Posted: 01/ 2/2012 7:27 pm

Last week, while most of us were still recovering from holiday meal hangovers, Rick Perry sent a message to those who thought that his anti-gay "Stronger" ad was the epitome of desperation and pandering that you ain't seen nothing yet. (Click here to see Perry's "Stronger" ad, Ron Paul's abortion ad, and others from the primary campaign.) Perry announced in an Iowa town hall that he had undergone a "transformation" regarding his position on abortion and now believes that the procedure should not be permissible in cases of rape or incest.

Around the same time, Ron Paul became the fifth GOP candidate to sign what is known as the Personhood USA Pledge. The pledge, which has also been signed by candidates Bachmann, Perry, Gingrich, and Santorum to date, reads, in part, "I support a human life amendment to the Constitution, and endorse legislation to make clear that the 14th Amendment protections apply to unborn children." It goes on to state, "If elected President, I will work to advance state and federal laws and amendments that recognize the unalienable right to life of all human beings as persons at every stage of development, and to the best of my knowledge, I will only appoint federal judges and relevant officials who will uphold and enforce state and federal laws recognizing that all human beings at every stage of development are persons with the unalienable right to life." Proponents of the pledge have previously acknowledged that it could criminalize birth control, a fact that, when made public, played a key role in torpedoing a personhood measure on the Mississippi ballot last fall.

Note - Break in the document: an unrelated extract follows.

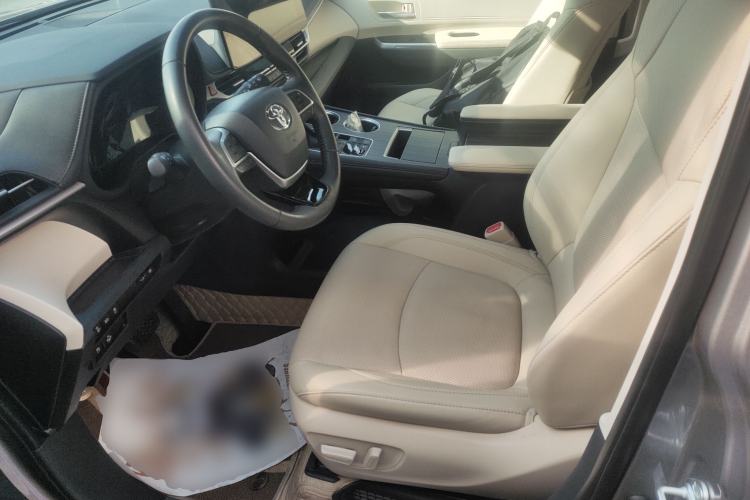 Used Toyota SIENNA 2021 2.5L Hybrid Premium Edition Left Front Seat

While abortion remains one of America's most divisive issues, birth control and the issue of abortion in extreme circumstances are not. According to the CDC, 99 percent of sexually active American women use birth control, and though recent polls indicate that Americans are split equally on whether or not abortion should be legal, an overwhelming majority -- more than 80 percent -- believes it should be legal in cases of rape or incest, and nearly 90 percent believe it should be legal to save the life of a mother.

Mitt Romney, who has staked much of his Iowa victory on whether or not voters will believe that, like Perry, he underwent a conversion of his own on the issue of abortion, has not signed the Personhood USA Pledge. But if various reports are to be believed, his own positions on abortion have fluctuated from pro-choice to even more extreme than those of his personhood-pledging counterparts. A new book contends that as a Mormon bishop, Romney tried to dissuade a woman from terminating a pregnancy that doctors warned was causing her internal bleeding. Despite Romney going so far as to follow the woman and her husband to the hospital, the couple made the decision to go forward with the procedure, which allegedly prompted Romney to track down her parents to get them to intervene. It is reported that her father instead decided to throw Romney out.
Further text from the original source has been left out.